Add this to your files for next time Richie.


----------



## chopsaw (Feb 28, 2018)

That looks fantastic . Great method for sure .


----------



## HalfSmoked (Mar 1, 2018)

Ha you show something like this when I'm going south and no where near PA dang man what gives.

Awesome looking ham nice smoke color. Cob is what you smoked with?

Warren


----------



## indaswamp (Mar 1, 2018)

Very nice...! I love ham!


----------



## pc farmer (Mar 1, 2018)

chopsaw said:


> That looks fantastic . Great method for sure .




Thanks.    Yes it works great.





HalfSmoked said:


> Ha you show something like this when I'm going south and no where near PA dang man what gives.
> 
> Awesome looking ham nice smoke color. Cob is what you smoked with?
> 
> Warren



With any luck I will still have some for this years gathering.  Yes cob pellets.  

Be safe on your trip.  





indaswamp said:


> Very nice...! I love ham!



Thanks sir.


----------



## daveomak (Mar 1, 2018)

Thanks for the vote of confidence...   Glad you enjoyed it...   Dave


----------



## motocrash (Mar 1, 2018)

Please pass the biscuits! Great looking ham man;)


----------



## SmokinAl (Mar 2, 2018)

Great job on the ham Adam!
It looks fantastic!
Congrats on getting a spin on the carousel!
Al


----------



## atomicsmoke (Mar 2, 2018)

Nice looking hams.
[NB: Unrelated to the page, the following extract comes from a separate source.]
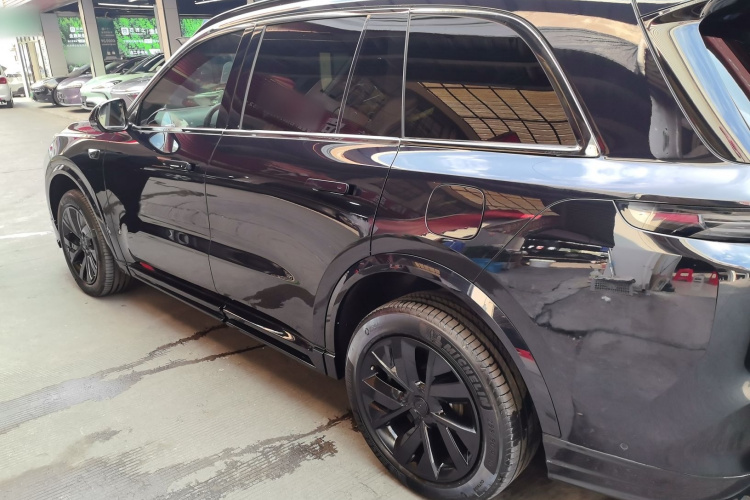 理想汽车 理想L8 2023款 Pro车身外观4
Beautiful colors.

That cut ham pic? Good for stock photos.

Great job.

You raised this pig?


----------



## pc farmer (Mar 2, 2018)

SmokinAl said:


> Great job on the ham Adam!
> It looks fantastic!
> Congrats on getting a spin on the carousel!
> Al




Thanks Al





atomicsmoke said:


> Nice looking hams. Beautiful colors.
> 
> That cut ham pic? Good for stock photos.
> 
> ...



Yes I raised this pig.  The pics are of a ham shank.

Thanks


----------



## gmc2003 (Mar 2, 2018)

Adam, Wow is all I can say. Those hams look beautiful. You should own the carousel with those. If there were a carousel sticky those hams would be numero uno.

Point for sure.

Chris


----------



## normonster (Mar 2, 2018)

Wow 

 pc farmer
 !! You Sir are a meat savage. I will never look at a ham the same way again.
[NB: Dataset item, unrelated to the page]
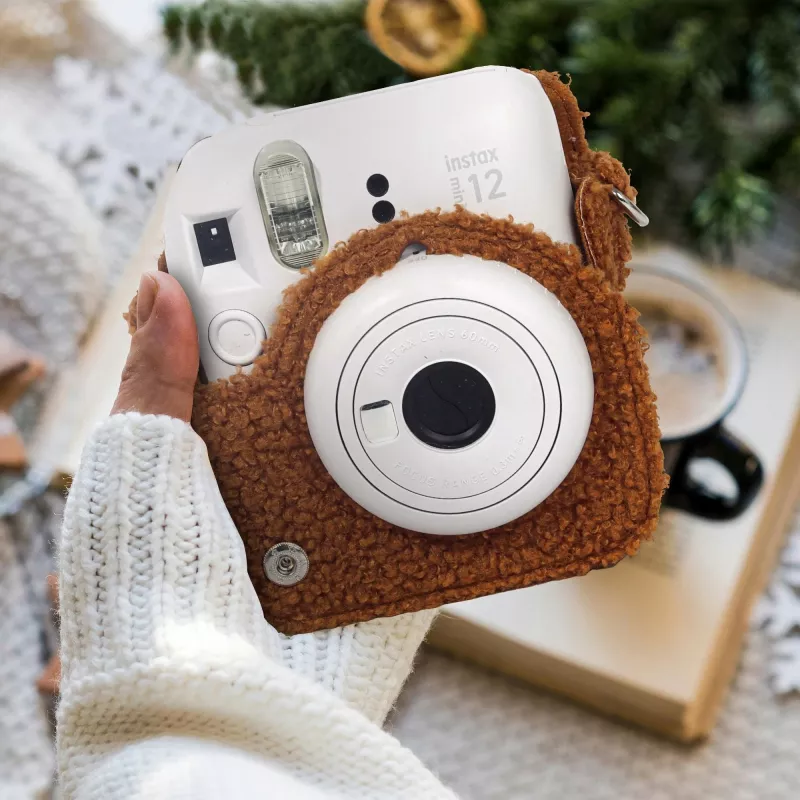 LOVEINSTANT Schutzhülle für Fujifilm Instax Mini 12 - Plüsch-Hunde-Design - Braun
Beautiful work. Highly impressed. You actually raised the hogs, executed them, and processed them all the way to hams? Damn. I thought eating mountain trout by the steam they were caught from was cool.


----------



## DanMcG (Mar 2, 2018)

Nice work Adam, very impressive Grasshopper!


----------



## pc farmer (Mar 2, 2018)

gmc2003 said:


> Adam, Wow is all I can say. Those hams look beautiful. You should own the carousel with those. If there were a carousel sticky those hams would be numero uno.
> 
> Point for sure.
> 
> Chris



Thanks for the kind words but I dont think they really deserved the carousel, I wont complain thou.




normonster said:


> Wow
> 
> pc farmer
> !! You Sir are a meat savage. I will never look at a ham the same way again.
> ...



Thanks   Yes we raised these pigs from piglets, full circle to butchering and finished product.




danmcg said:


> Nice work Adam, very impressive Grasshopper!



Thanks Dan.  Its true I am still a grasshopper at this curing stuff.


----------



## DanMcG (Mar 2, 2018)

c farmer said:


> I need to get a smaller injection needle, I hate seeing the holes in the meat.



About the holes, Is there a chance you had air in the needle while injecting? Or any chance it froze after injecting? either of these could cause the holes you have.


----------



## pc farmer (Mar 2, 2018)

danmcg said:


> About the holes, Is there a chance you had air in the needle while injecting? Or any chance it froze after injecting? either of these could cause the holes you have.



No air that I know of.  I tried to keep it all liquid.  Definitely didn't freeze , I had a mav in the fridge to monitor temp.


----------



## chopsaw (Mar 2, 2018)

c farmer said:


> No air that I know of.  I tried to keep it all liquid.  Definitely didn't freeze , I had a mav in the fridge to monitor temp.


Talking about needles , not sure what you are using to inject . If its a standard syringe type , I use a adhesive needle to inject glue for flooring repairs . It's made to "heal" the spot where it goes in . You can buy them , or the whole thing at big box store . May be to short for what you did , but worked great on the picnic . Just FYI .


----------



## pc farmer (Mar 2, 2018)

chopsaw said:


> Talking about needles , not sure what you are using to inject . If its a standard syringe type , I use a adhesive needle to inject glue for flooring repairs . It's made to "heal" the spot where it goes in . You can buy them , or the whole thing at big box store . May be to short for what you did , but worked great on the picnic . Just FYI .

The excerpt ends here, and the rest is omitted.